I sometimes get asked questions about my hearing. I don’t mind. Here are some of the most common:
Q: Do you sleep with them in?
No, I don’t. I take them out and place them into a special disinfecting and drying device. Moisture and earwax (ick, I know) are the two biggest enemies of hearing aids. Taking care to make sure they are clean and dry helps them to last longer. And taking good care of them is important…
Q: Are they expensive?
Yes, quite. I do get funds from the Ontario Disability Support Program as well as from my private workplace insurance. Together they cover about one-quarter of the cost. Yes, one quarter.
Q: So how much?
Let’s just say you could buy a good used car for the same amount of money. Or a fabulous two-week European vacation for two. They are one of the most expensive things I own — and they are not even pretty or glittery.
There are, of course, significantly cheaper models on the market and they work quite well for retired people who don’t need top-notch hearing for 8 (or longer) hours a day. But I need the most advanced pair available, since my job requires me to attend meetings, talk on the phone and communicate with people in many settings. I frankly could not work in my field without them.
Luckily, I can usually get away with buying a new pair every three to five years. Five years if I am lucky and take really good care of them — three if I am not. That is not usually a super happy year. Fewer shoes, less sushi — maybe no trip to New York. I’d rather not think about it. I really should save up for them well in advance, but that’s a topic for another blog post.
Q: How did this happen?
I was born with nerve deafness in both of my ears. It has gotten (somewhat) worse as I have gotten older. I don’t expect it to get much more worse, but even if it does, modern technology makes it (fairly) easy to deal with. I also have a wonderful audiologist and he’s been a huge help to me over the years. If you ever need a recommendation, just ask me. I would suggest him in a second.

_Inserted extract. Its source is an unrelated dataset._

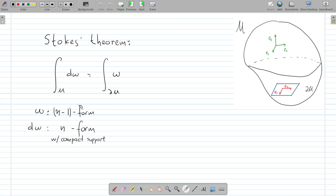Let's consider an n-1 form defined on M. Then Stokes' Theorem says that if we integrate this n-1 form only on the boundary, this will be equal to the integral of its exterior derivative over the whole manifold M. Omega and its exterior derivative must be differential forms with compact support. We will explain what this is in a short while.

Q: Do you use an alarm clock?
Yes, a very loud one. I can hear very loud noises — and I am sure my neigbours can, too. They do make vibrating alarm clocks (they shake the bed — wheee) but I’ve yet to try one.
Q: Can you talk on the phone?
At work, yes. I have a pretty marvelous amplification device. On my cellphone? Not so well. Mostly I text and/or email during non-work hours. I can talk on the phone if it’s unavoidable, but it’s not easy. I do own a bluetooth device that makes it easier to talk on my cell, but it seems to not work very well anymore. I probably need to get an upgraded model and I will the next time I get new hearing aids.
Q: What is the worst thing about your hearing loss?
It’s not really that bad. Things could be a lot worse. Besides, I’ve always had to deal with it.
Q: No, really Miss Pollyanna. It can’t be all sunshine.
Hmmm, I can’t really hear whispering and I can’t eavesdrop on other people, which could be quite interesting, I imagine. Noisy restaurants and bars are challenging.
Oh, and once I am tucked into bed for the night, that’s pretty much it. The good part about this? Traveling with friends who snore or like to watch TV before bed is not a problem. Hell, rock music would not be that much of a problem. The bad part? If someone actually wanted to talk to me after dark and under the covers — well, I do my best but that’s probably the best place to ask me things…I can hardly hear and I am bound to just say yes to any questions posed. Yes is often the better answer than no. Ask any hearing impaired person.